While historians have often focused on the Battle of Attu, for the Unangax̂ the legacy of World War II has been one of both geographic and cultural loss. The impacts of lost islands and villages, harsh treatment, scattered resettlement and displacement continues. Yet even though there has been loss, there has also been recovery.
In a National Park Service article, Alice Snigaroff Petrivelli reflects on the relocation experience and how they have since rebuilt. “It was humiliating for independent Aleuts to be treated like children. The evacuation made Aleut people feel as though they had no rights whatsoever,” she said. “I noticed that we were referred to as ‘these people’ whenever there was a discussion about the evacuees. Well, ‘these people’ are now in control of their own destinies, as much as any American citizen is, and will continue to do a good job preserving their culture and traditions.”
Today Unangax̂ contribute as prominent community leaders throughout the United States. These include State Representative and businessman Carl E. Moses, physician Barbara Riley, sculptor John Hoover and Indigenous studies scholar Eve Tuck.
Restoring a Legacy
With the closing of the Casco Cove Coast Guard Station in 2010, a pre-GPS communications station, Attu is no longer inhabited. Most of Attu Island is within the Alaska Maritime National Wildlife Refuge, which encompasses 1,400 islands and is under the USFWS management. Although challenging to get to, Attu is open to the public. As Refuge Manager Steve Delehanty explained, however, “The actual site of Attu village is not owned by the federal government. It’s not part of the Alaska Maritime Wildlife Refuge. It belongs to the Aleut Corporation.” This is one of the Alaska Native–owned 13 regional bodies that own and manage land for their peoples. In addition to the metal, wood and stone remains scattered across the island during the war, some areas still contained leaked oil, petroleum and lead. The U.S. Army Corps of Engineers removed two petroleum leaks, numerous fuel tanks and other pollutants in 2016 under the Formerly Used Defense Site Program. Yet the island still does not have any facilities to accommodate lengthy public visits.
In 2012 an Attuan reunion in Anchorage, Alaska, allowed long-scattered relatives to reconnect, which led to the 11 descendants visiting the island in 2017. They were only able to reach the island with the help of a USFWS research vessel that had traveled two days to get there. During a five-hour visit, they held a remembrance service for all the Attuans near the remains of the former Attu village church. There they buried a Russian Orthodox cross, gathered soil, rocks and grass for basket weaving, walked on the beach and “maritime tundra,” and reconnected with their ancestors. Theresa Deal hiked to a memorial to the Attuans who once lived on the island. “That was an emotional thing. At least I’m glad that my mom’s name was on the survivor list because I’m here.”

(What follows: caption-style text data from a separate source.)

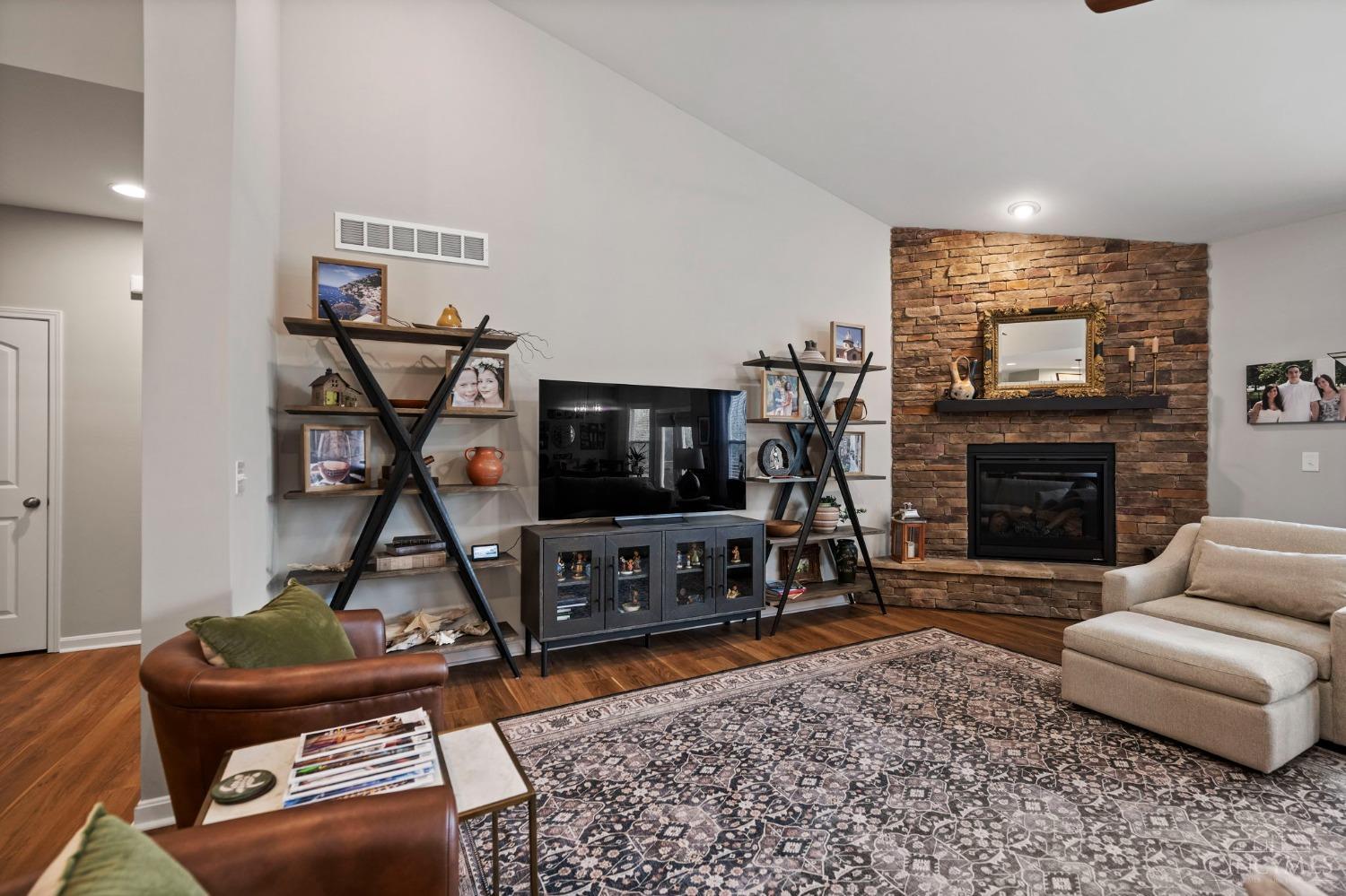 477 Auburn Grove Drive, South Lebanon, Ohio image 4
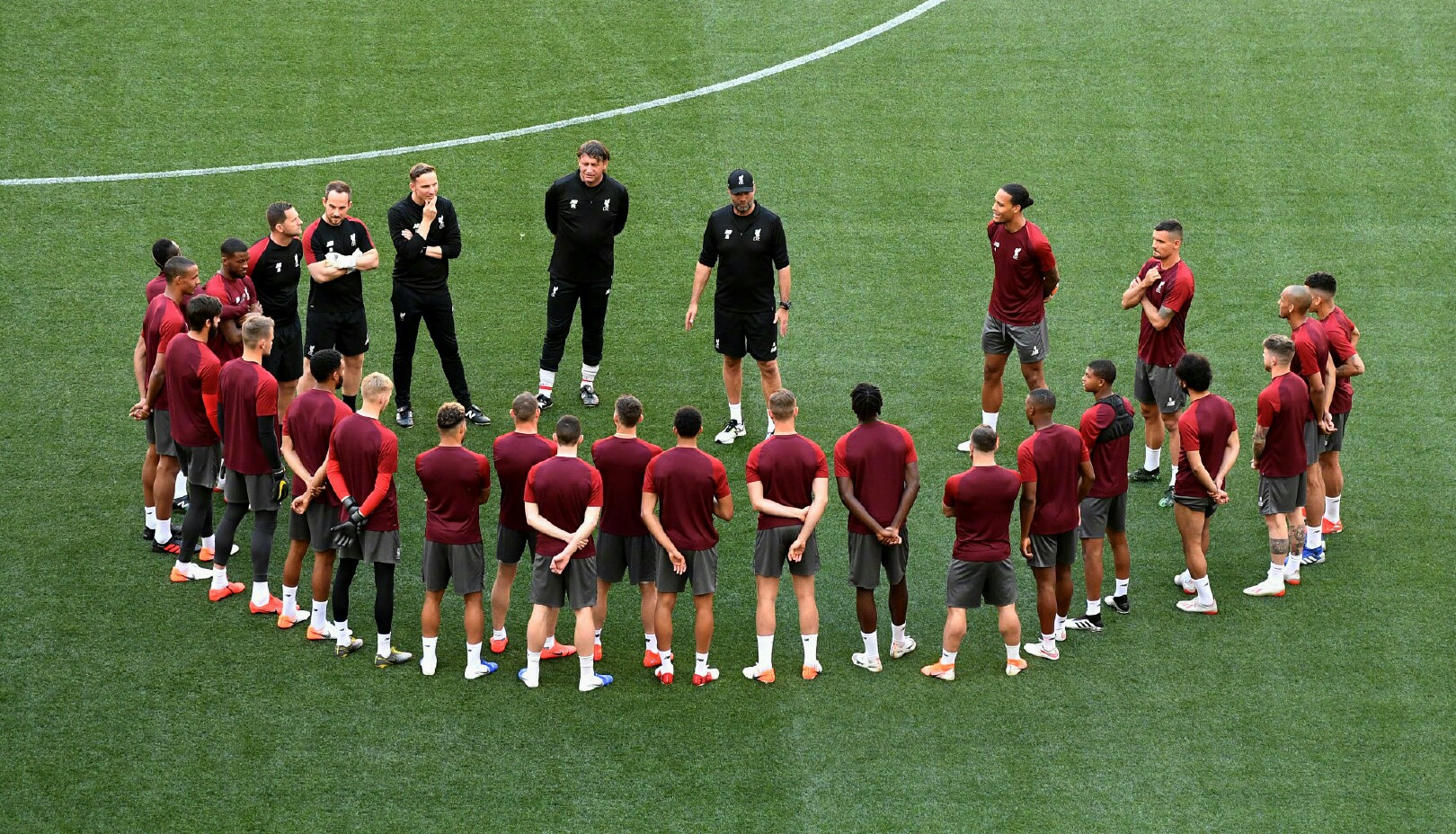 各媒体人对欧冠决赛预测,各大球星对欧冠小组赛的看法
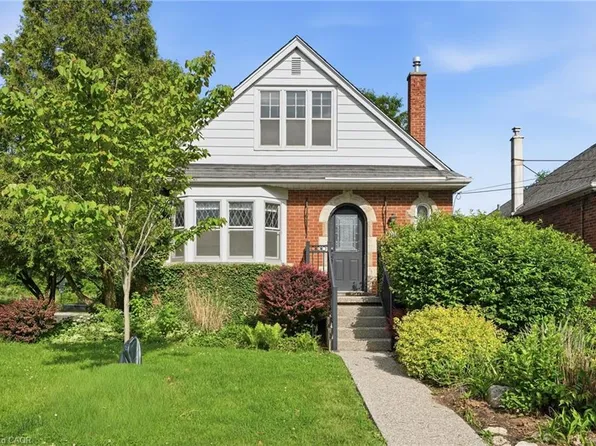 153 Parkview Dr, Hamilton, ON L8S 3Y4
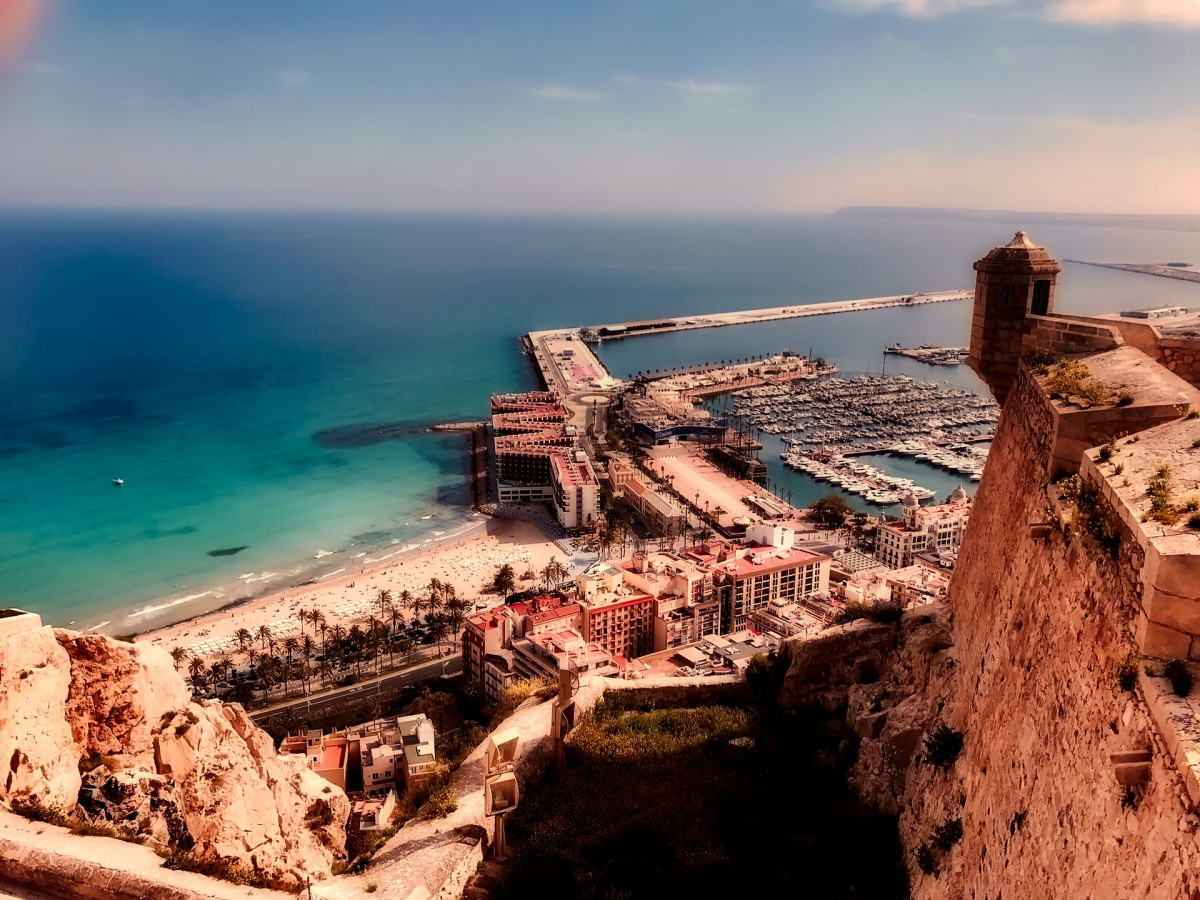 Alicante Mediana Credito Holidu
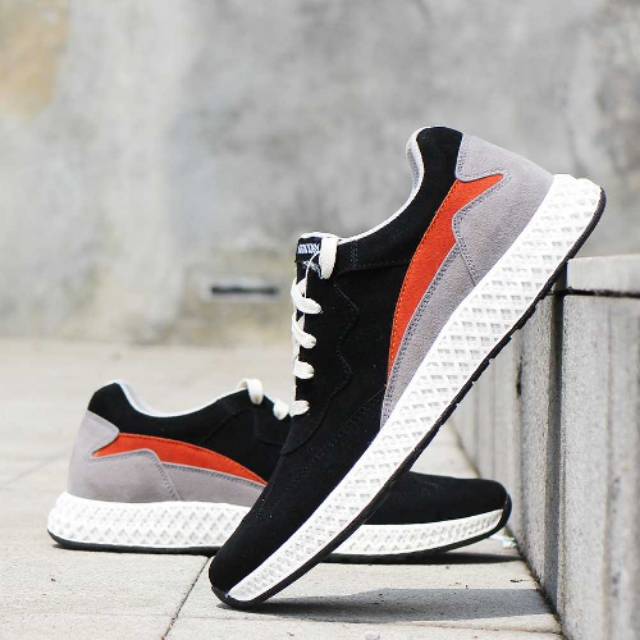 Sneakers pria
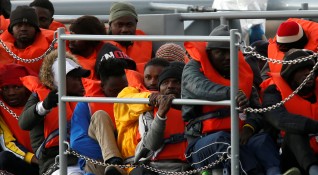 Най малко 840 мигранти са загинали по пътя за Европа през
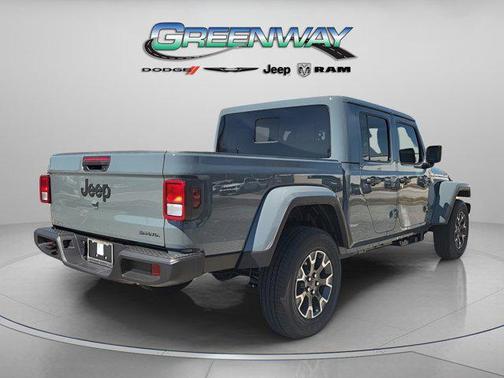 2026 Jeep Gladiator Sahara 4x4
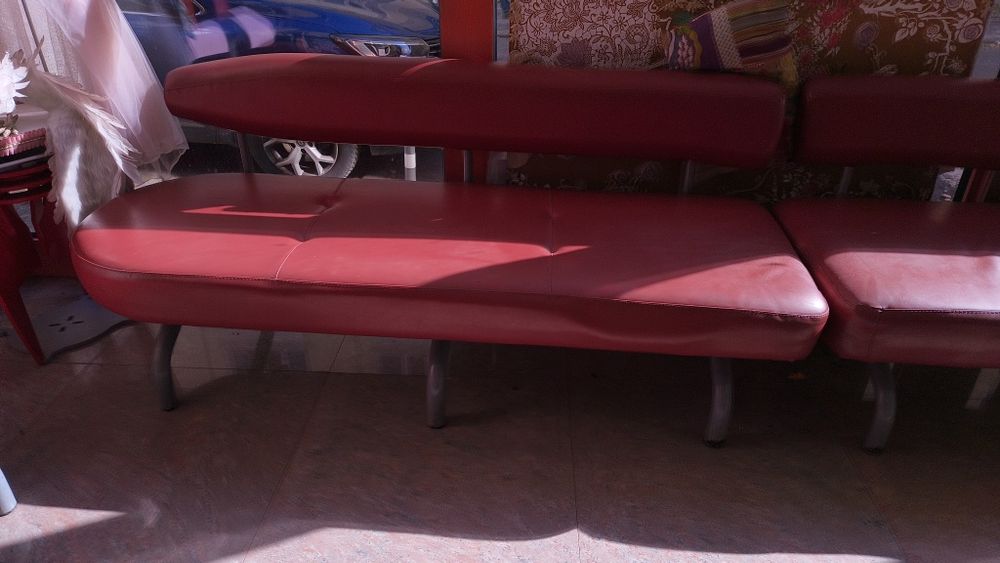 7бр тройки и четворки естествена кожа дивани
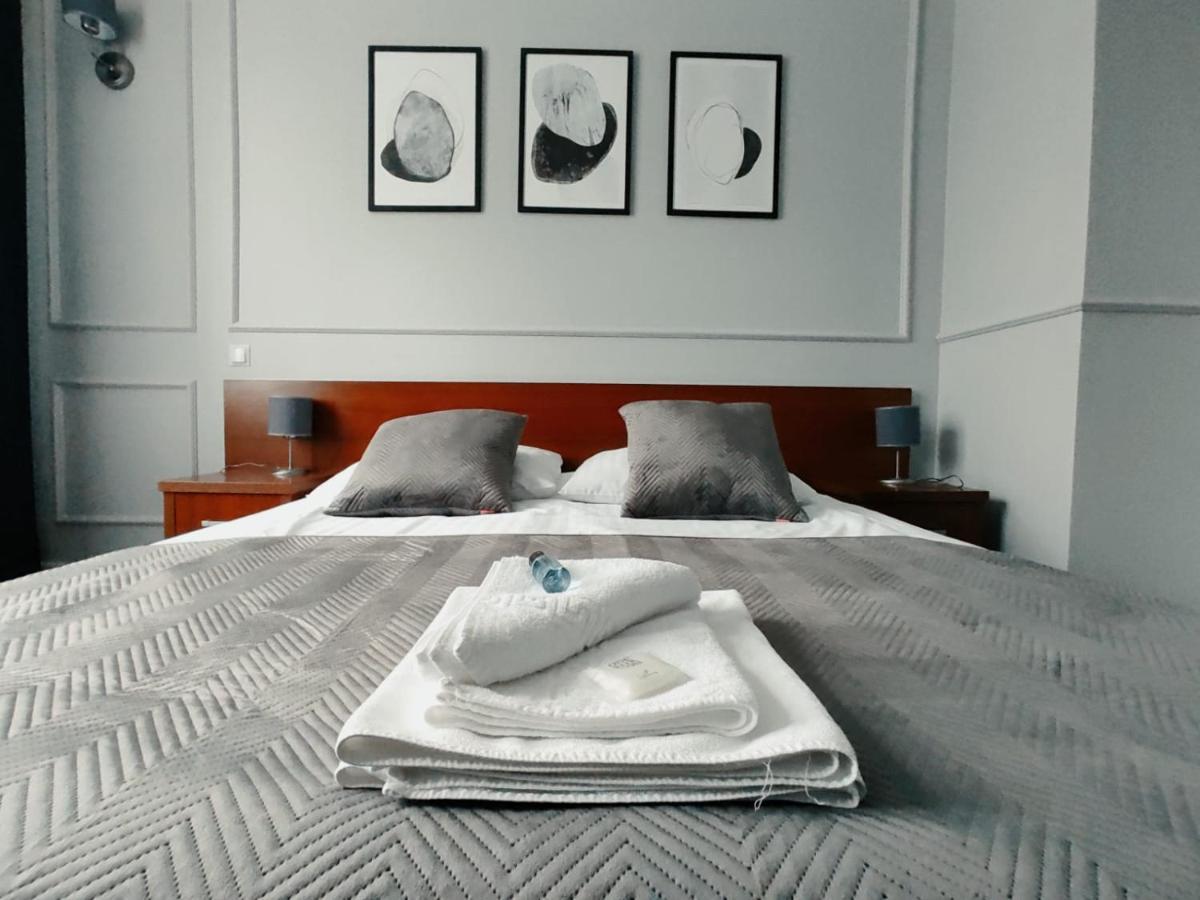 Nad Stara Nida *** Hotel พิงโชฟ ภายนอก รูปภาพ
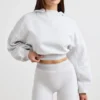 Sudadera corta con capucha de felpa de algodón elástico en gris jaspeado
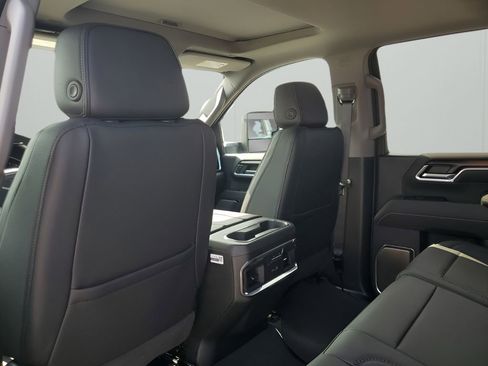 New 2026 GMC Sierra 2500 Denali w/ Denali Reserve Package image 23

In 2018 descendants of Attuans, American and Japanese soldiers met at the Alaska Aviation Museum in Anchorage to commemorate the 75th Anniversary of the Battle of Attu. There, they premiered the Japanese documentary film about the Battle of Attu called “When the Fog Clears.” Helena Pagano Schmitz and Theresa Deal, both descendants of Attu Tribal Chief Mike Hodikoff, met at this event and decided to found the all-volunteer, nonprofit organization called Atux̂ Forever. Through this initiative, they hope to make Attu more accessible to descendants to visit and reclaim their culture and homeland.
“I feel our story is left out of World War II,” Schmitz reflected. “We lost our culture, we lost our language, and we lost our way of life, and I’m trying to bring it back.” Theresa Deal said, “I think it’s important to have access to the island for all descendants and future descendants.”